4. Provide socialization (just plain attention and love from a variety of people). We also socialize them with several gentle dogs.
5. Lay a good foundation for house training. We begin crate training by feeding puppies in crates and using our positive methods of creating a love of a crate. See our page on Building a Desire for a Crate for more details. Our puppies are not closed in crates overnight until they are about 12-13 weeks of age. Instead, they have free access to outside through a doggy door at night time while we are working on building crate desire and bladder control during the day-time. During the day-time starting at 9 weeks, we make heavy use of crates and pens and have our puppies on a schedule rotating between obedience training sessions inside and outside, socialization sessions, time in crates, meals in crates, quiet play in pens (separately and in pairs) with toys, and free play with each other. All of this is interspersed with many trips outside to potty.
What can you expect from a puppy that has finished this program
At 3 months of age, puppies will be pretty well-trained to sit for attention, to come when called, and to sit and down on command at my home and with me. However, if you have little experience with training dogs, your puppy might not respond the same way with you as he does with me. We will therefore spend time with you when you pick up your puppy showing you how to work with your puppy and teach you how to continue the training yourself. Though puppies should leave us with a good start in having good manners and a basic knowledge of the listed simple commands, puppies this young will need to practice these skills with new owners or they will tend to loose what they've learned. They are too young for what they've learned to have become a true habit.

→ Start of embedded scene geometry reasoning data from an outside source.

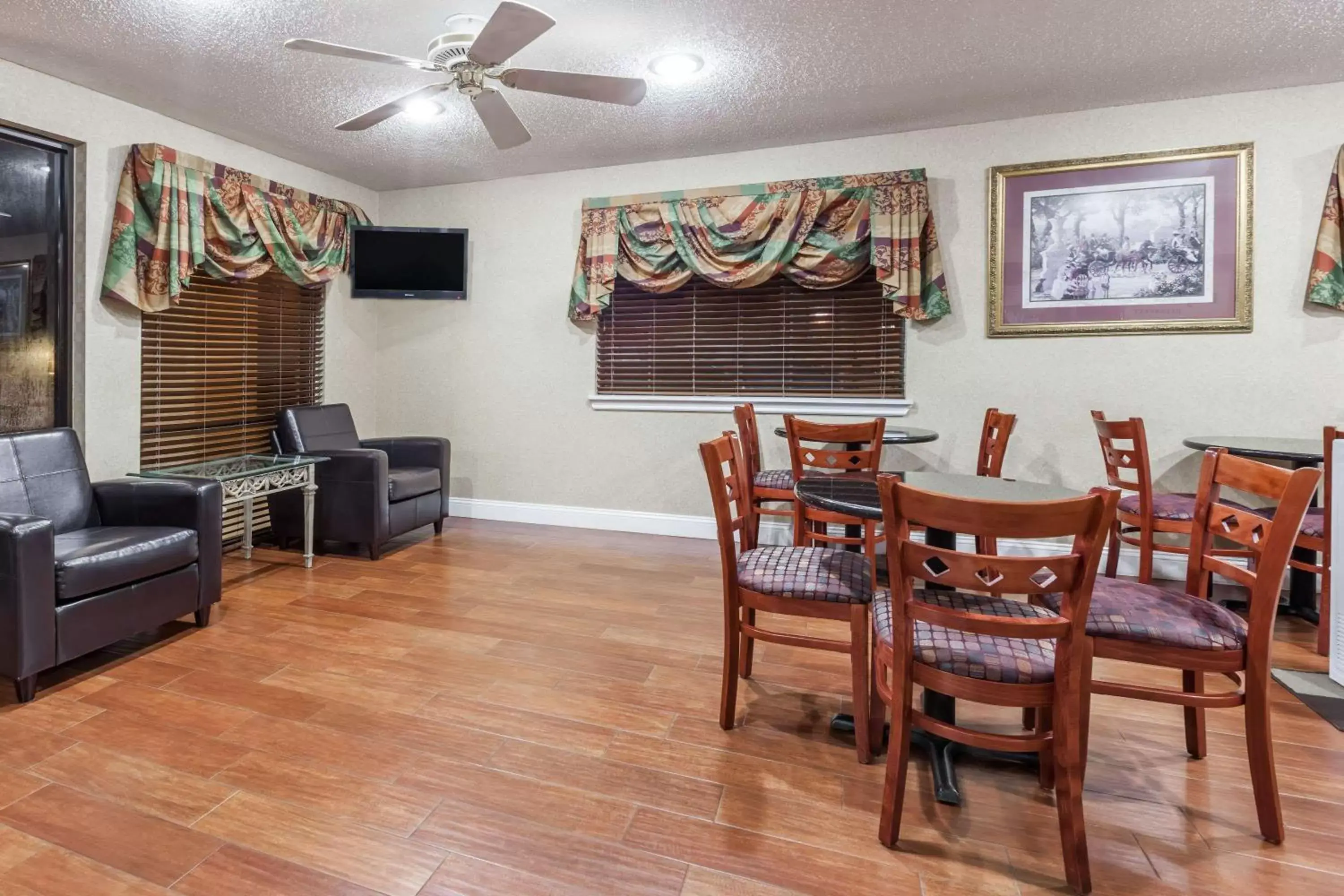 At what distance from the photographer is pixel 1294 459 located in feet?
8.89

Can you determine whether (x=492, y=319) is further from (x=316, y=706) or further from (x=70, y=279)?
(x=316, y=706)

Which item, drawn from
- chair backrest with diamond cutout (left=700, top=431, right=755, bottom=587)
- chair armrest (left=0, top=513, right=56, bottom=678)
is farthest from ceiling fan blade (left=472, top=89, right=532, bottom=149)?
chair armrest (left=0, top=513, right=56, bottom=678)

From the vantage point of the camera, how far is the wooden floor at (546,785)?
4.77ft

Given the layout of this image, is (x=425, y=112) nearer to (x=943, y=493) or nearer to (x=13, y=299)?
(x=13, y=299)

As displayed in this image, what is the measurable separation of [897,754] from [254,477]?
10.5 feet

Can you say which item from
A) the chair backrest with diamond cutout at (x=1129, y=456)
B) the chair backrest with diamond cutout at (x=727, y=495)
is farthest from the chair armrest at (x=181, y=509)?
the chair backrest with diamond cutout at (x=1129, y=456)

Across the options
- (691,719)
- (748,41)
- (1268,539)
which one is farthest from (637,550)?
(1268,539)

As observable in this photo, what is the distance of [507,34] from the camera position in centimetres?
225

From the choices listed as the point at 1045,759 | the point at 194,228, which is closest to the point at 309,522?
the point at 194,228

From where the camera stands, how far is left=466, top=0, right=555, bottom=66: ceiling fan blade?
6.83ft

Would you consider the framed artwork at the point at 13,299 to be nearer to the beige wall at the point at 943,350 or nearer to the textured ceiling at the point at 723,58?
the textured ceiling at the point at 723,58

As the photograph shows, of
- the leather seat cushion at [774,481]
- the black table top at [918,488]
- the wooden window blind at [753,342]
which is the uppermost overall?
the wooden window blind at [753,342]

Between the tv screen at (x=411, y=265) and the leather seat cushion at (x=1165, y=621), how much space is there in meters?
4.51

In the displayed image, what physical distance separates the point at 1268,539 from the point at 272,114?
470cm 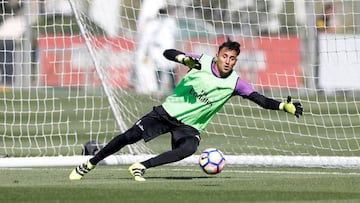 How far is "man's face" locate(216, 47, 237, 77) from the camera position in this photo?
10750mm

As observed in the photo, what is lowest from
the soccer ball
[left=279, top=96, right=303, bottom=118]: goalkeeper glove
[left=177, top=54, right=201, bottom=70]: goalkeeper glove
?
the soccer ball

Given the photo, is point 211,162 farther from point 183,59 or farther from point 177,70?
point 177,70

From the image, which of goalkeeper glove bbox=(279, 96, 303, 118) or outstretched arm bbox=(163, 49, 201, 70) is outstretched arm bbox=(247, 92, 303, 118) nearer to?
goalkeeper glove bbox=(279, 96, 303, 118)

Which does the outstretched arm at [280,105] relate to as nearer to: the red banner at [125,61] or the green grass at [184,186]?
the green grass at [184,186]

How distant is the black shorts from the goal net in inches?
63.2

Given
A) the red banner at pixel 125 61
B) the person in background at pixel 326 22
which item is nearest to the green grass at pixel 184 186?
the red banner at pixel 125 61

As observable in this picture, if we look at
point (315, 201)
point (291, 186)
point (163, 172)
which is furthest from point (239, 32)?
point (315, 201)

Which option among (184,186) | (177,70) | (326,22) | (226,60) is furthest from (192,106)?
(177,70)

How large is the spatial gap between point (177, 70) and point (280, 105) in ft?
24.1

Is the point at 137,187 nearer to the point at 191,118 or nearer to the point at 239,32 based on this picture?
the point at 191,118

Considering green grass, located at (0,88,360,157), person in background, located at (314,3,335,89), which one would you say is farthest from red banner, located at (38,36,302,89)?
person in background, located at (314,3,335,89)

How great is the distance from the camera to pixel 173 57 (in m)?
10.6

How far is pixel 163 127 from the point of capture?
11.0 m

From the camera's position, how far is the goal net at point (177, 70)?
13.8 m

What you can expect with regard to house-training at 13 weeks of age is a puppy that is consistently doing his business outside as long as you are consistent in getting him outsie when he needs to potty. Most puppies at this age need taking out about every hour, some every 45 minutes if they are left loose in the house. Some will hold it inside for 2 hours or more. 13-week old puppies are able to have a two-hour nap in a crate and because we've spent so much time with positive experiences in the crate, very few of ours whine during crate-time. Between 12 and 13 weeks of age, we begin crating them overnight. Our night is about 7 hours long. Almost all of our puppies sleep quietly during these 7 hours. Most, if not all of our puppies could probably go longer. They rarely complain about being in the crates first thing in the mornings when I get up and they are used to sitting in crates for sometimes up to an hour before I let them out. (I don't walk into the kitchen to find them chomping at the bit to get out of their crates.) At 12 and 13 weeks, puppies still have small bladders and most will have accidents if you aren't consistent in getting them outside when they need to go. Though there is still a lot of work to be done at this age, we've done the necessary work during the hardest 5 weeks and we are available to give advice on how to continue it.